The admission is, that the intestate owed a note to the plaintiff of about sixty dollars, which had been renewed.
The trouble is, that no note has been produced, nor its contents shown, to which the admissions can be attached, so as to admit of identification.
The acknowledgment is very like that in Faison v. Bowden, 72 N.C. 405, in which the testator said to the plaintiff, "I can't pay you what I owe you, but I will pay you soon, or next winter. I need what money I have now for building, and it will do you more good to get it in a lump." The testator owed the plaintiff for medical services, running over a period from the beginning of 1854 to his death, in November, 1861, and the recognition of the debt was relied on to remove the bar as to the whole account.
It was held to be insufficient, and READE, J., for the Court, say: "The rule to be gathered from the numerous cases, to which we were referred by the counsel, may be thus expressed: The new promise must *Page 83 be definite and show the nature and amount of the debt, or must distinctly refer to some writing, or to some other means by which the amount and nature of it can be ascertained; or there must be an acknowledgment of a present subsisting debt, equally definite and certain, from which a promise to pay such debt may be implied."
Again, it has been held, that the promise must be made to the creditor himself, (Parker v. Shuford, 76 N.C. 219, and Faison v. Bowden, Ib., 425), or to an attorney or agent for the creditor, (Kirby v. Mills,78 N.C. 124), to repel the statute.

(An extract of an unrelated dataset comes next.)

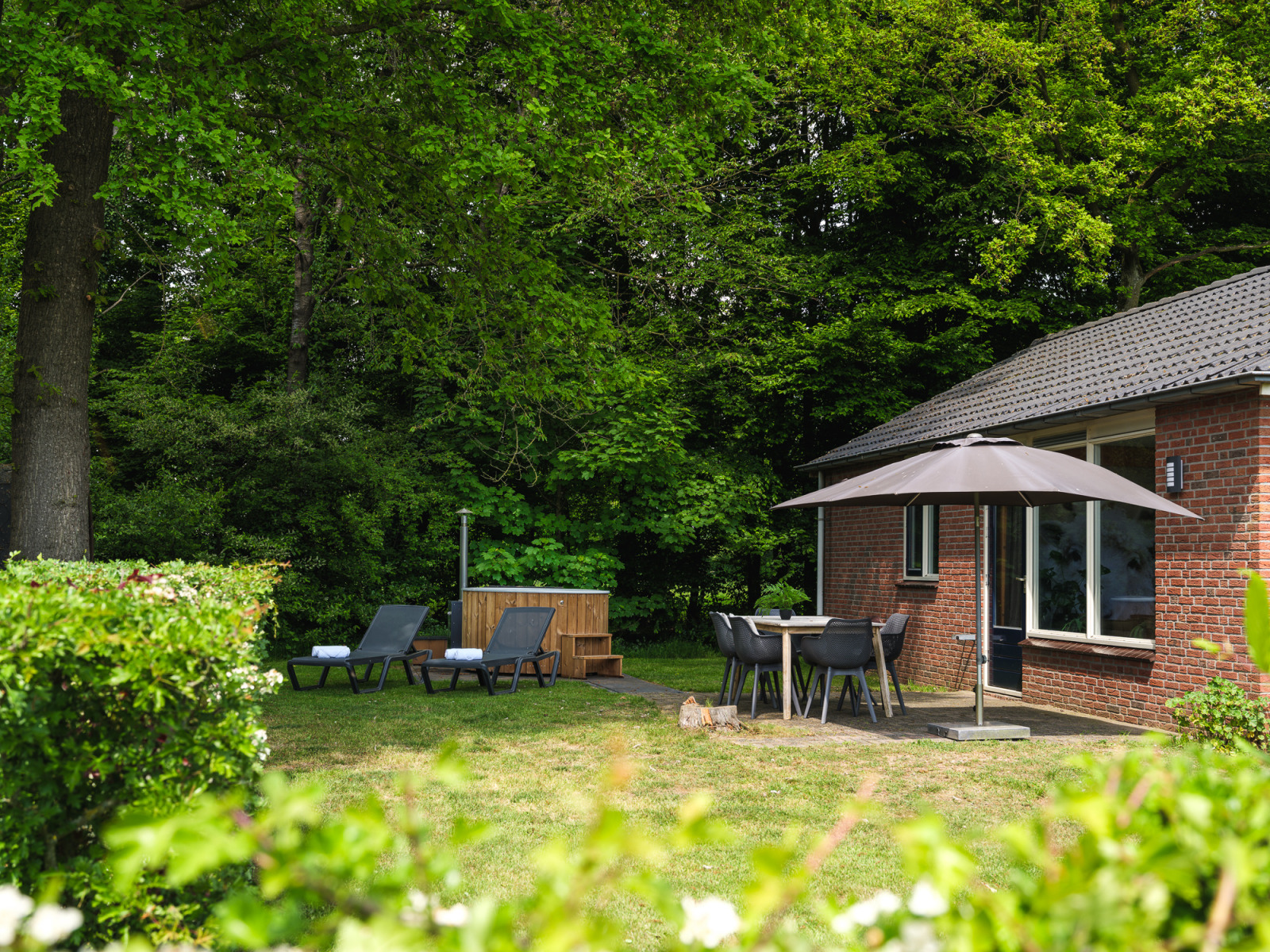 Bungalow in Zuna voor 8 personen foto 19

If, however, the note was executed since the Code of Civil Procedure became the law, (and the time is not shown), the promise or acknowledgment must be in writing (The Code, § 172), and if before, there is no statutory limitation applicable.

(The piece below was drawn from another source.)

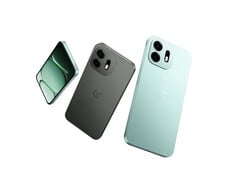 Cores do OnePlus N6.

The ruling of the Court, that there was no evidence before the (68) jury to warrant a verdict for the plaintiff, must therefore be sustained.
No error. Affirmed.
Cited: Hobbs v. Barefoot, 104 N.C. 228; Buie v. Scott, 107 N.C. 182;Nunnery v. Averitt, 111 N.C. 394; Koonce v. Pelletier, 115 N.C. 235;Graham v. O'Bryan, 120 N.C. 465; Parker v. Harden, 121 N.C. 58; Brightv. Marcom, ibid., 87; House v. Arnold, 122 N.C. 222; Moore v. Westbrook,156 N.C. 493; Sprinkle v. Sprinkle, 159 N.C. 82; Garland v. Arrowood,172 N.C. 594; McEwan v. Brown, 176 N.C. 252; In re Will of Saunders,177 N.C. 157; Satterthwaite v. Davis, 186 N.C. 571.